Speedups. It's not clear how to measure the "speedup" of LLM assistance. Certainly I feel net way faster at what I was going to do, but the main effect is that I do a lot more than I was going to do because 1) I can code up all kinds of things that just wouldn't have been worth coding before and 2) I can approach code that I couldn't work on before because of knowledge/skill issue. So certainly it's speedup, but it's possibly a lot more an expansion.
Leverage. LLMs are exceptionally good at looping until they meet specific goals and this is where most of the "feel the AGI" magic is to be found. Don't tell it what to do, give it success criteria and watch it go. Get it to write tests first and then pass them. Put it in the loop with a browser MCP. Write the naive algorithm that is very likely correct first, then ask it to optimize it while preserving correctness. Change your approach from imperative to declarative to get the agents looping longer and gain leverage.

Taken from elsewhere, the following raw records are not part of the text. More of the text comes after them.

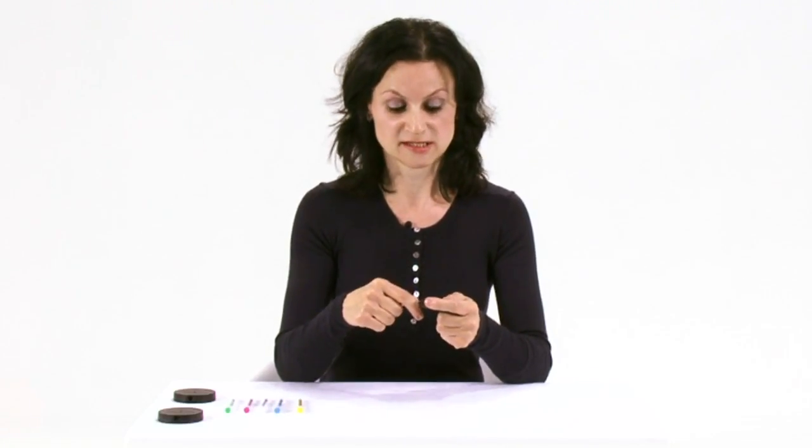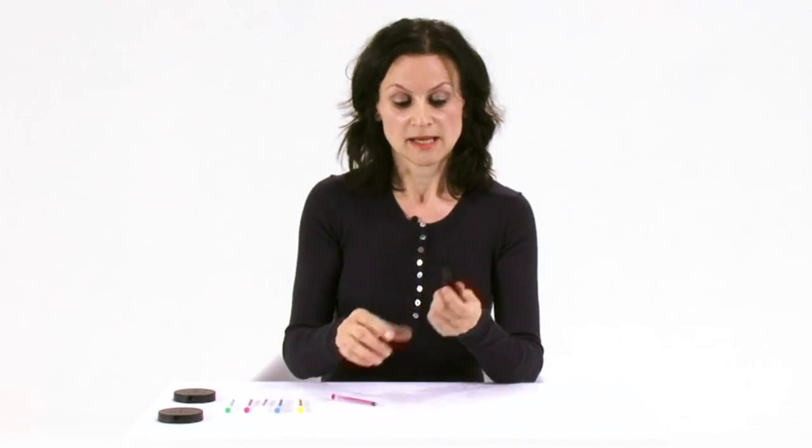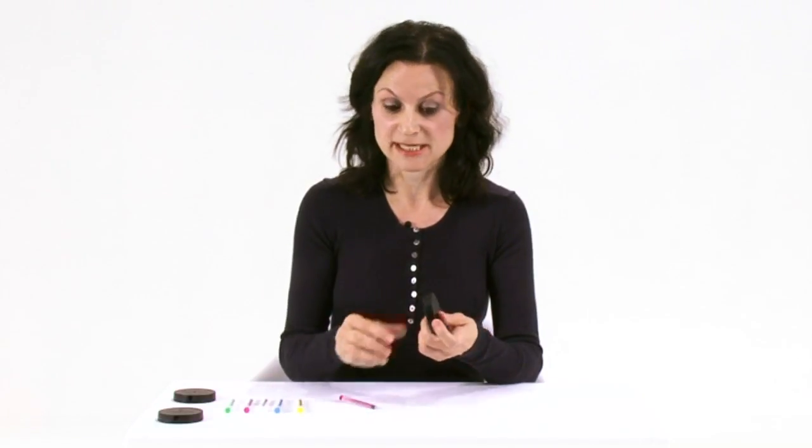Once you get that click, you know the needle is safely locked into the needle safe and you're ready to remove the barrel. The way you do that is by either just bending the barrel and it snaps away, or just pull the barrel. The needle's not going to drop out, and you can't reattach the NeverShare to the needle.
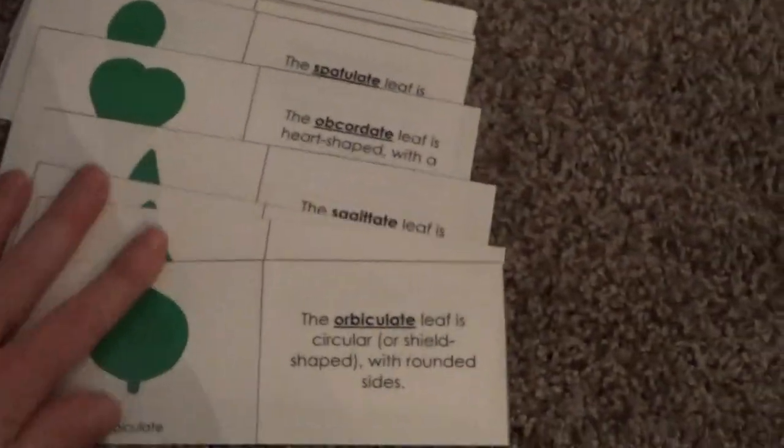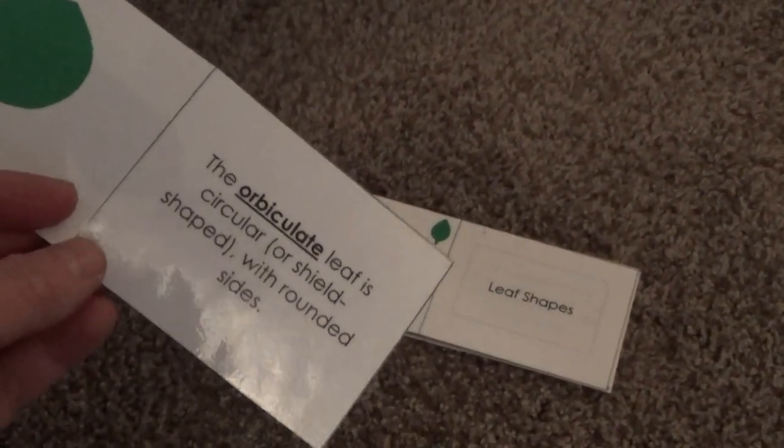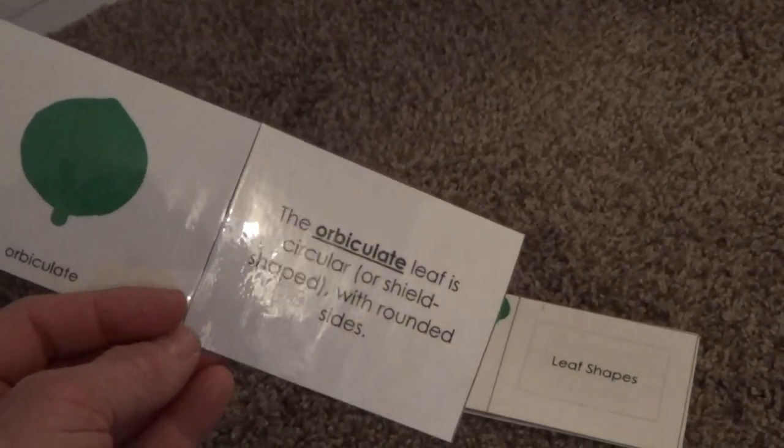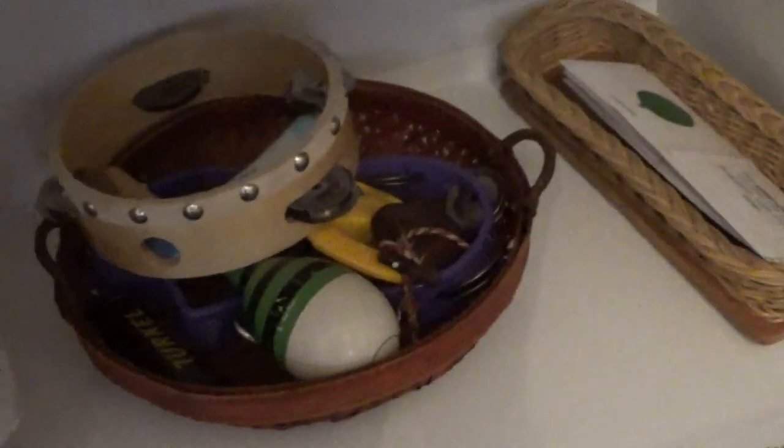Leaf shapes. In a Montessori classroom where they have a lot of space they're going to have these as a puzzle, but for a smaller environment I think it works better to use the cards. As you show it, you can read what it says about it so they get an idea of what that shape means. They can also mimic the shape and use leaves found outside to find what shape matches. Also have some music instruments because I think that's important.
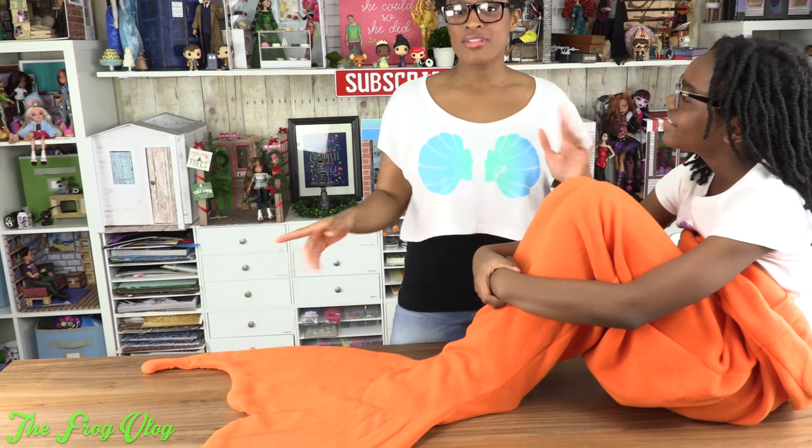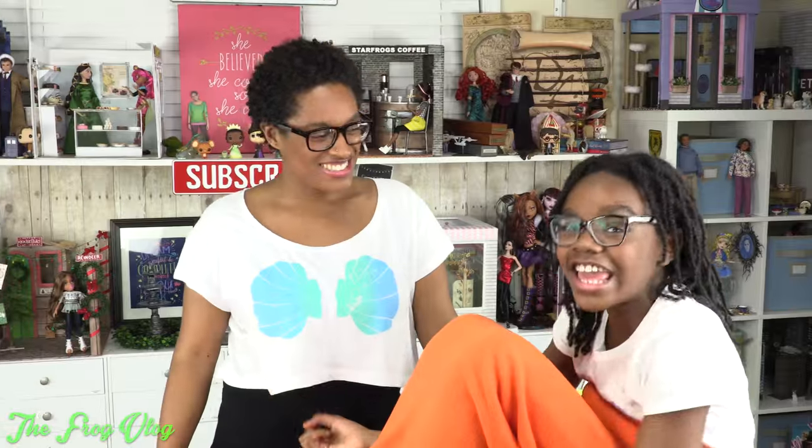This is an adorable, very simple project. The whole thing from tracing to sewing only took about 40 minutes. I love it because it's so cozy and it's perfect for laying on a couch and reading a book. And I get to be a mermaid! Thanks for joining us while we made our mermaid tail blankets. We'll see you next time on the Frog Vlogs!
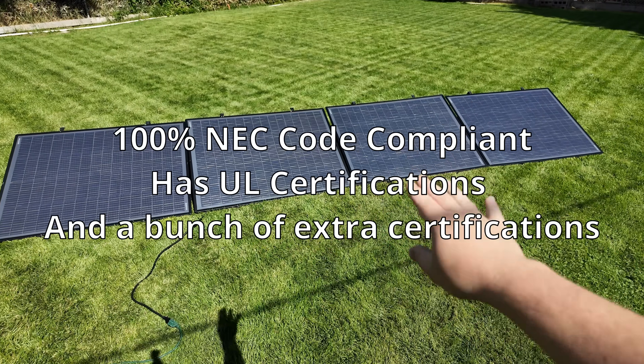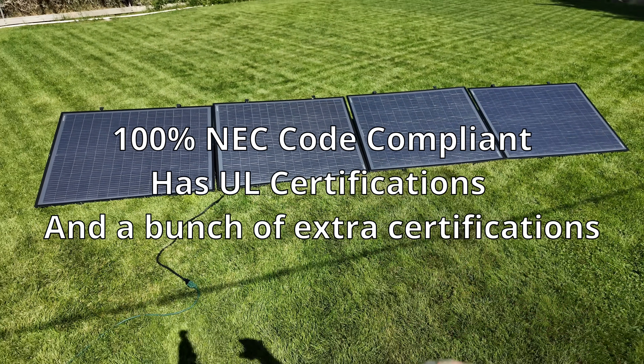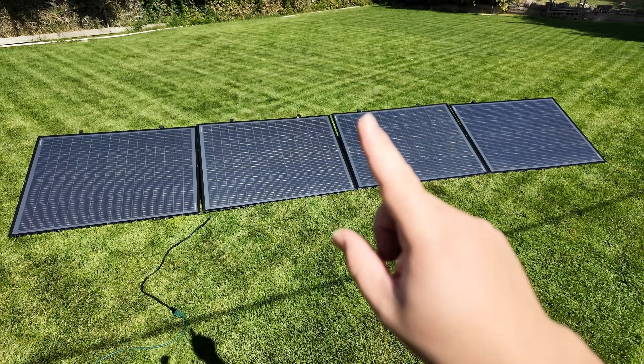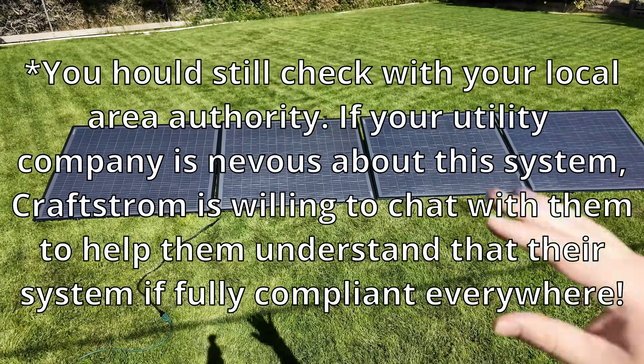It has the standard rapid shutdown and anti-islanding protections for when the power goes out, so you're not back-feeding and hurting anyone working on the lines. When the power is on, it's also able to not back-feed, so you don't need any grid-tie agreements, permits, or anything.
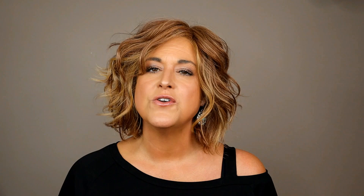I timestamp everything in the description, so if you're only here to see a specific part of this review, you can go down to the timestamps and skip ahead to only the sections that you care about. I am so grateful to Chiquelle for partnering with me on this video because I really, really love this color by Raquel Welch.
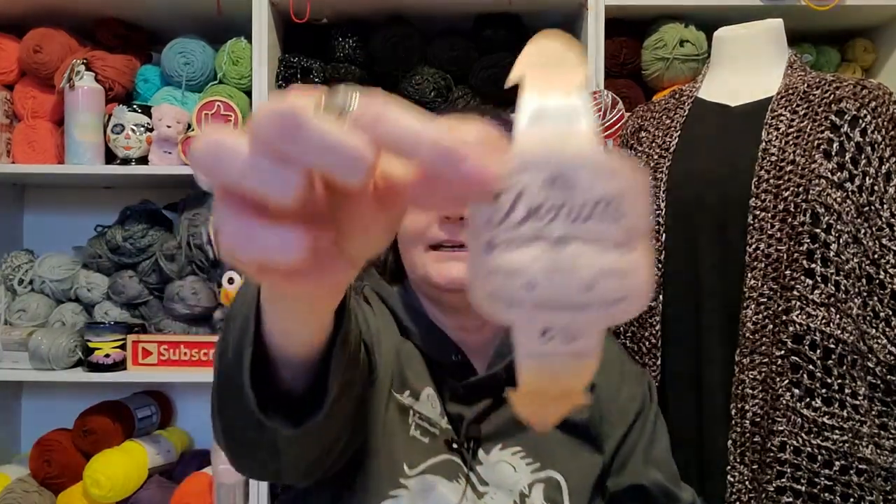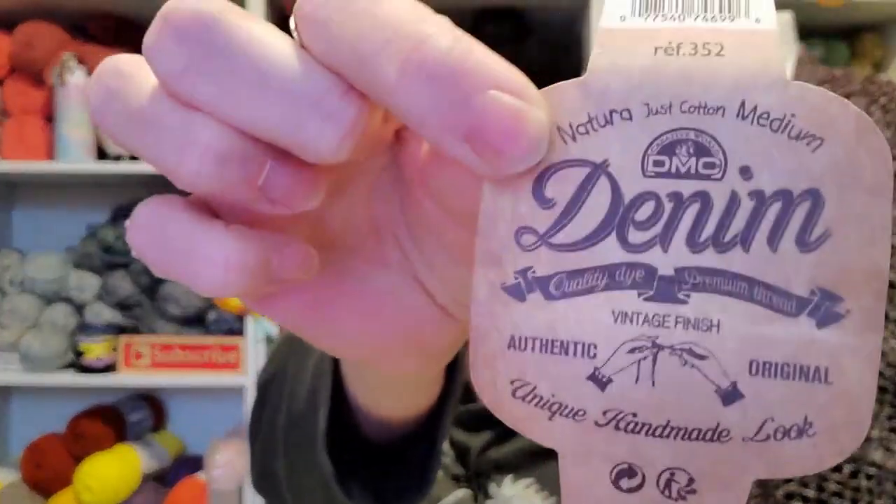I used — I think I was talking about this before — it's the DMC Denim, and I got it from Herrschners. I think it's a weight 3. It doesn't really say on the label, it's very vague, but it's a weight 3, I'm pretty sure.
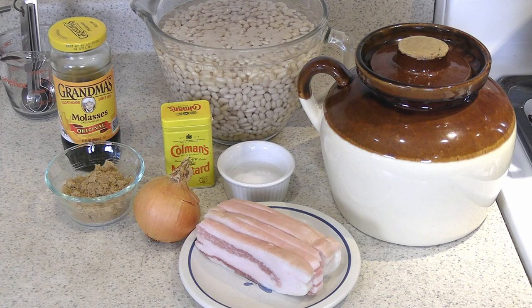Making baked beans in New England is a tradition that goes back to colonial days. Sailors would bring back molasses from the Caribbean, and we had plenty of salt pork left over and onions. Brown sugar was another commodity brought back from the Caribbean. So all these things made for a good meal, and it was cheap and easy to make, even on an open hearth.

Fun. I didn't anticipate that with agents programming feels *more* fun because a lot of the fill in the blanks drudgery is removed and what remains is the creative part. I also feel less blocked/stuck (which is not fun) and I experience a lot more courage because there's almost always a way to work hand in hand with it to make some positive progress. I have seen the opposite sentiment from other people too; LLM coding will split up engineers based on those who primarily liked coding and those who primarily liked building.
Atrophy. I've already noticed that I am slowly starting to atrophy my ability to write code manually. Generation (writing code) and discrimination (reading code) are different capabilities in the brain. Largely due to all the little mostly syntactic details involved in programming, you can review code just fine even if you struggle to write it.
Slopacolypse. I am bracing for 2026 as the year of the slopacolypse across all of github, substack, arxiv, X/instagram, and generally all digital media. We're also going to see a lot more AI hype productivity theater (is that even possible?), on the side of actual, real improvements.
Questions. A few of the questions on my mind:
- What happens to the "10X engineer" - the ratio of productivity between the mean and the max engineer? It's quite possible that this grows *a lot*.
- Armed with LLMs, do generalists increasingly outperform specialists? LLMs are a lot better at fill in the blanks (the micro) than grand strategy (the macro).
- What does LLM coding feel like in the future? Is it like playing StarCraft? Playing Factorio? Playing music?
- How much of society is bottlenecked by digital knowledge work?
TLDR Where does this leave us? LLM agent capabilities (Claude & Codex especially) have crossed some kind of threshold of coherence around December 2025 and caused a phase shift in software engineering and closely related. The intelligence part suddenly feels quite a bit ahead of all the rest of it - integrations (tools, knowledge), the necessity for new organizational workflows, processes, diffusion more generally. 2026 is going to be a high energy year as the industry metabolizes the new capability.